* Dataset excerpt
------------------------------------------------------------

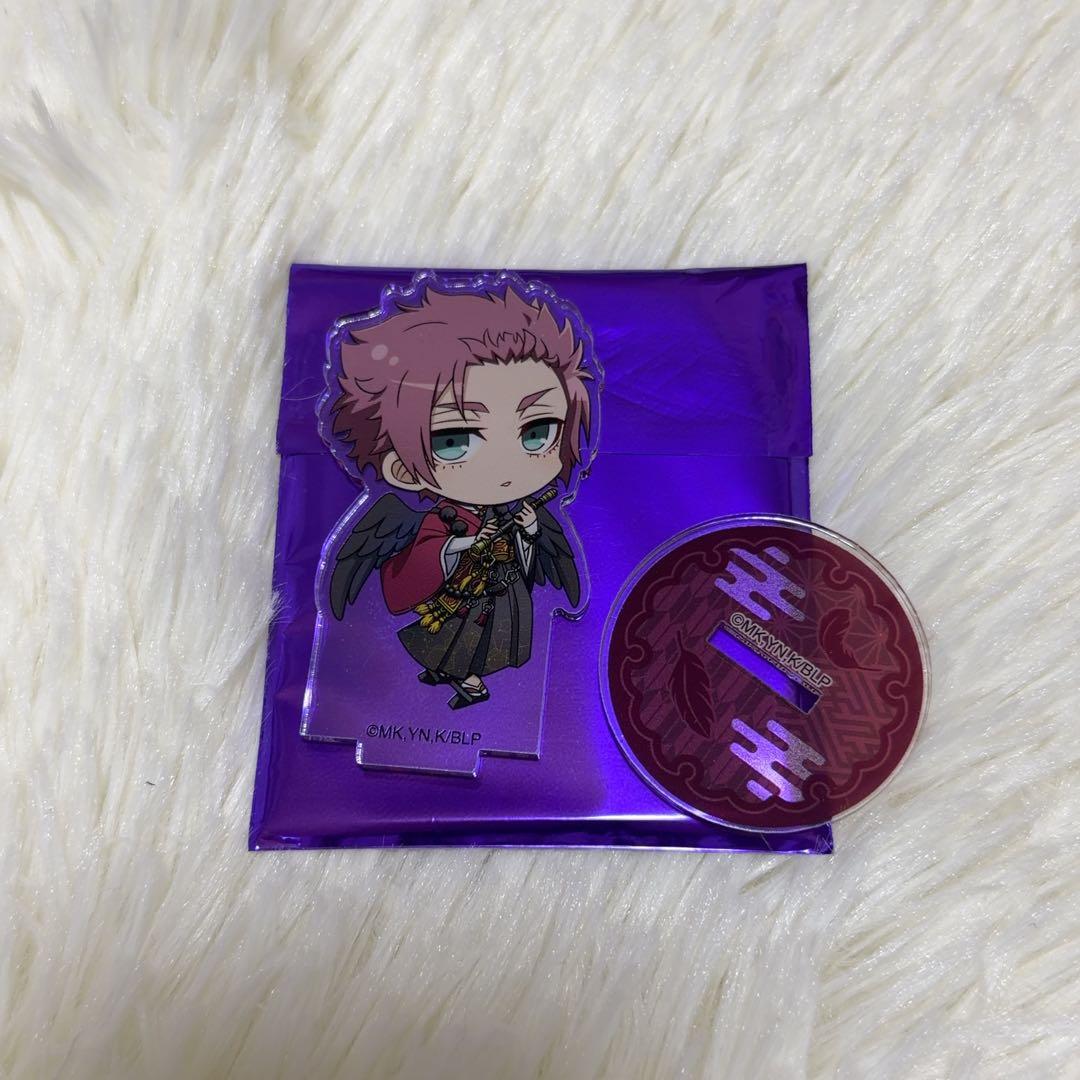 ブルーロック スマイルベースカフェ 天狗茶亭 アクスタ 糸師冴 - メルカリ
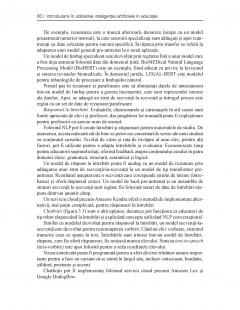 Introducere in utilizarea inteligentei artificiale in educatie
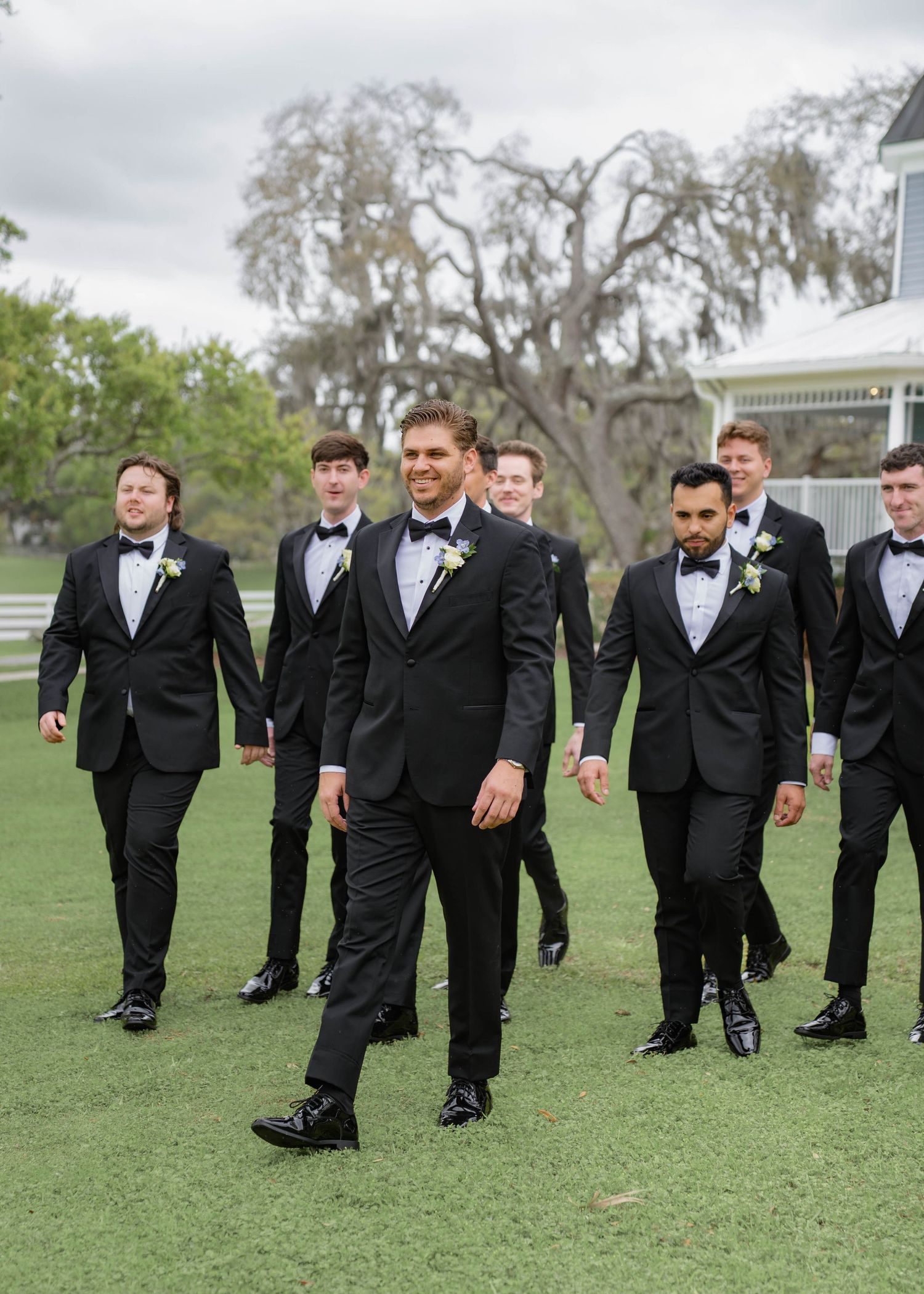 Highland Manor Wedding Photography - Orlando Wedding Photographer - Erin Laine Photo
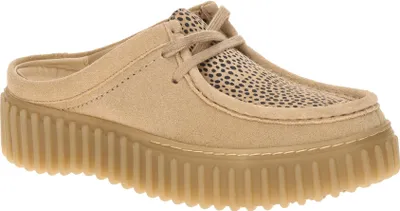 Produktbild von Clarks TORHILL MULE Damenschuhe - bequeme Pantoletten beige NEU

------------------------------------------------------------

* Instructions to follow
Please reprint the whole listing exactly and omit its pictures.

* Exercise answer
 ブルーロック スマイルベースカフェ 天狗茶亭 アクスタ 糸師冴 - メルカリ
 Introducere in utilizarea inteligentei artificiale in educatie
 Highland Manor Wedding Photography - Orlando Wedding Photographer - Erin Laine Photo
 Produktbild von Clarks TORHILL MULE Damenschuhe - bequeme Pantoletten beige NEU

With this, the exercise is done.